Here is an example, where we start by creating a few \verb|SeqRecord| objects the hard way (by hand, rather than by loading them from a file):
\begin{verbatim}
from Bio.Seq import Seq
from Bio.SeqRecord import SeqRecord
from Bio.Alphabet import generic_protein
rec1 = SeqRecord(Seq("MMYQQGCFAGGTVLRLAKDLAENNRGARVLVVCSEITAVTFRGPSETHLDSMVGQALFGD" \
+"GAGAVIVGSDPDLSVERPLYELVWTGATLLPDSEGAIDGHLREVGLTFHLLKDVPGLISK" \
+"NIEKSLKEAFTPLGISDWNSTFWIAHPGGPAILDQVEAKLGLKEEKMRATREVLSEYGNM" \
+"SSAC", generic_protein),
id="gi|14150838|gb|AAK54648.1|AF376133_1",
description="chalcone synthase [Cucumis sativus]")
rec2 = SeqRecord(Seq("YPDYYFRITNREHKAELKEKFQRMCDKSMIKKRYMYLTEEILKENPSMCEYMAPSLDARQ" \
+"DMVVVEIPKLGKEAAVKAIKEWGQ", generic_protein),
id="gi|13919613|gb|AAK33142.1|",
description="chalcone synthase [Fragaria vesca subsp. bracteata]")
rec3 = SeqRecord(Seq("MVTVEEFRRAQCAEGPATVMAIGTATPSNCVDQSTYPDYYFRITNSEHKVELKEKFKRMC" \
+"EKSMIKKRYMHLTEEILKENPNICAYMAPSLDARQDIVVVEVPKLGKEAAQKAIKEWGQP" \
+"KSKITHLVFCTTSGVDMPGCDYQLTKLLGLRPSVKRFMMYQQGCFAGGTVLRMAKDLAEN" \
+"NKGARVLVVCSEITAVTFRGPNDTHLDSLVGQALFGDGAAAVIIGSDPIPEVERPLFELV" \
+"SAAQTLLPDSEGAIDGHLREVGLTFHLLKDVPGLISKNIEKSLVEAFQPLGISDWNSLFW" \
+"IAHPGGPAILDQVELKLGLKQEKLKATRKVLSNYGNMSSACVLFILDEMRKASAKEGLGT" \
+"TGEGLEWGVLFGFGPGLTVETVVLHSVAT", generic_protein),
id="gi|13925890|gb|AAK49457.1|",
description="chalcone synthase [Nicotiana tabacum]")
my_records = [rec1, rec2, rec3]
\end{verbatim}
\noindent Now we have a list of \verb|SeqRecord| objects, we'll write them to a FASTA format file:
\begin{verbatim}
from Bio import SeqIO
SeqIO.write(my_records, "my_example.faa", "fasta")
\end{verbatim}
\noindent And if you open this file in your favourite text editor it should look like this:
\begin{verbatim}
>gi|14150838|gb|AAK54648.1|AF376133_1 chalcone synthase [Cucumis sativus]

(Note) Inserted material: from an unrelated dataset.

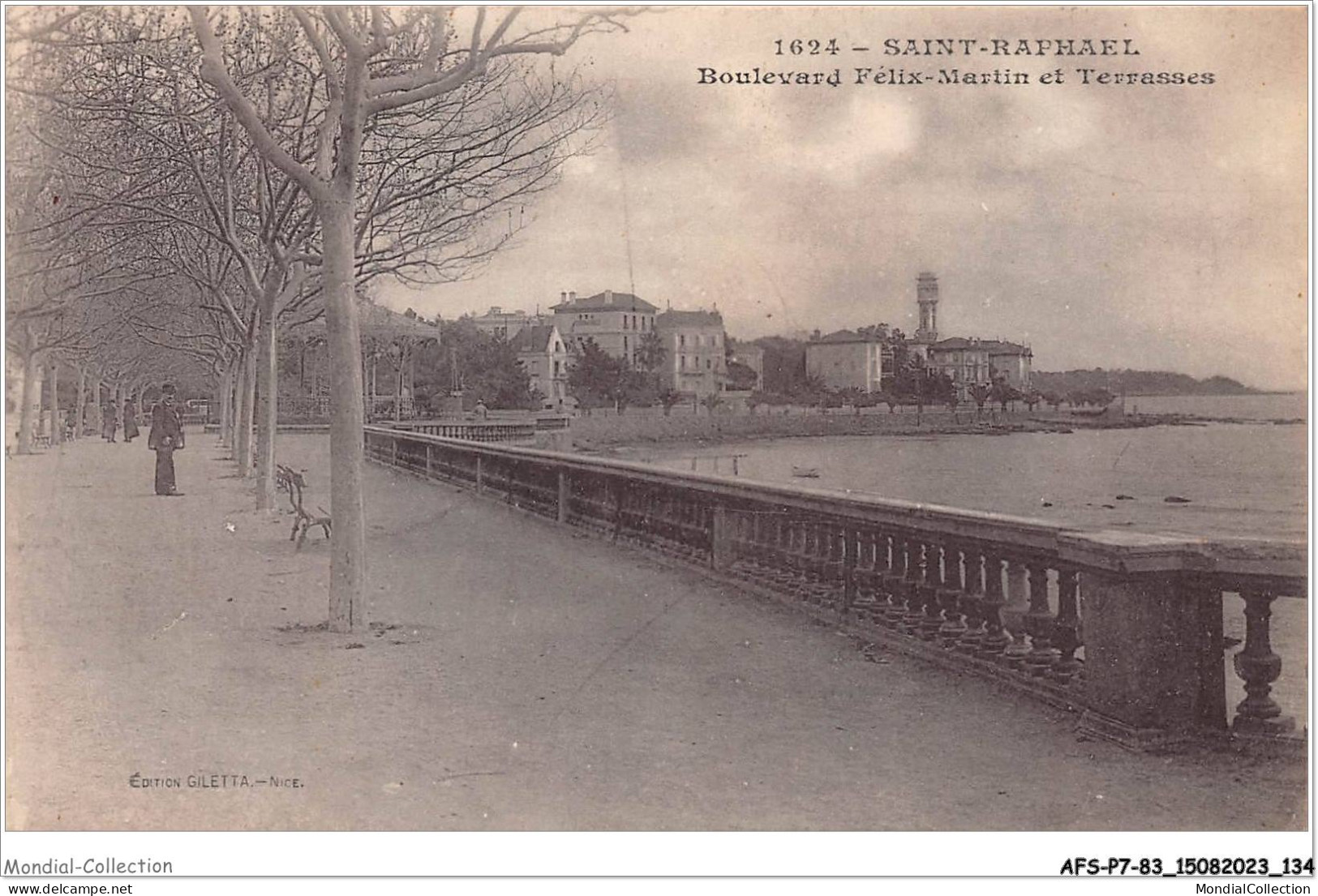 AFSP7-83-0571 - SAINT-RAPHAEL - Boulevard Félix Martin Et Terrasses  - Saint-Raphaël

MMYQQGCFAGGTVLRLAKDLAENNRGARVLVVCSEITAVTFRGPSETHLDSMVGQALFGD
GAGAVIVGSDPDLSVERPLYELVWTGATLLPDSEGAIDGHLREVGLTFHLLKDVPGLISK
NIEKSLKEAFTPLGISDWNSTFWIAHPGGPAILDQVEAKLGLKEEKMRATREVLSEYGNM
SSAC
>gi|13919613|gb|AAK33142.1| chalcone synthase [Fragaria vesca subsp. bracteata]
YPDYYFRITNREHKAELKEKFQRMCDKSMIKKRYMYLTEEILKENPSMCEYMAPSLDARQ
DMVVVEIPKLGKEAAVKAIKEWGQ
>gi|13925890|gb|AAK49457.1| chalcone synthase [Nicotiana tabacum]

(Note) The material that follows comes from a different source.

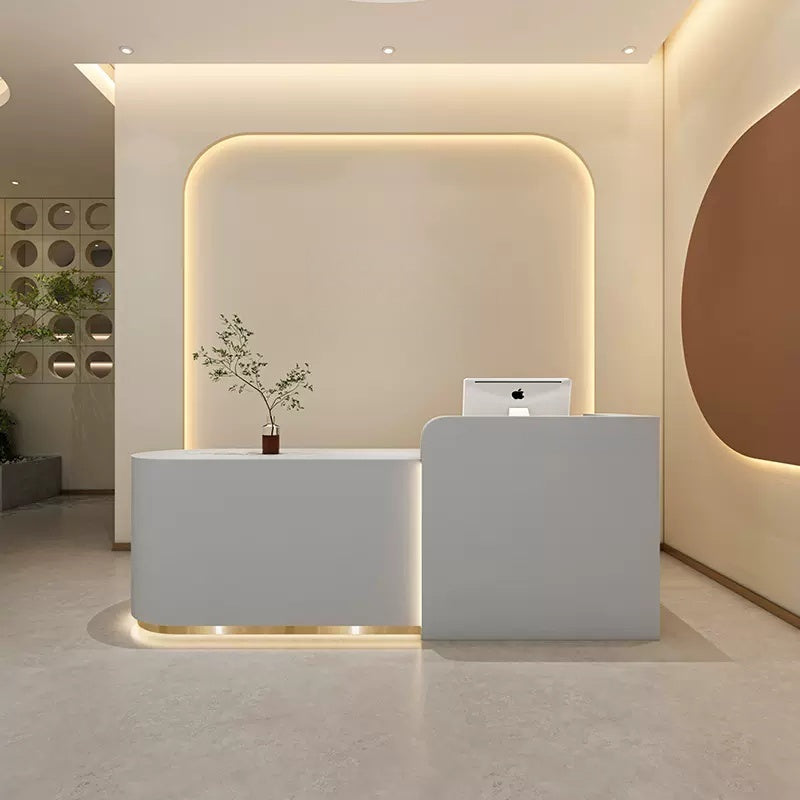 Eleus Modern Reception Desk with LED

MVTVEEFRRAQCAEGPATVMAIGTATPSNCVDQSTYPDYYFRITNSEHKVELKEKFKRMC
EKSMIKKRYMHLTEEILKENPNICAYMAPSLDARQDIVVVEVPKLGKEAAQKAIKEWGQP
KSKITHLVFCTTSGVDMPGCDYQLTKLLGLRPSVKRFMMYQQGCFAGGTVLRMAKDLAEN
NKGARVLVVCSEITAVTFRGPNDTHLDSLVGQALFGDGAAAVIIGSDPIPEVERPLFELV
SAAQTLLPDSEGAIDGHLREVGLTFHLLKDVPGLISKNIEKSLVEAFQPLGISDWNSLFW
IAHPGGPAILDQVELKLGLKQEKLKATRKVLSNYGNMSSACVLFILDEMRKASAKEGLGT
TGEGLEWGVLFGFGPGLTVETVVLHSVAT
\end{verbatim}
Suppose you wanted to know how many records the \verb|Bio.SeqIO.write()| function wrote to the handle?
If your records were in a list you could just use \verb|len(my_records)|, however you can't do that when your records come from a generator/iterator. Therefore as of Biopython 1.49, the \verb|Bio.SeqIO.write()| function returns the number of \verb|SeqRecord| objects written to the file.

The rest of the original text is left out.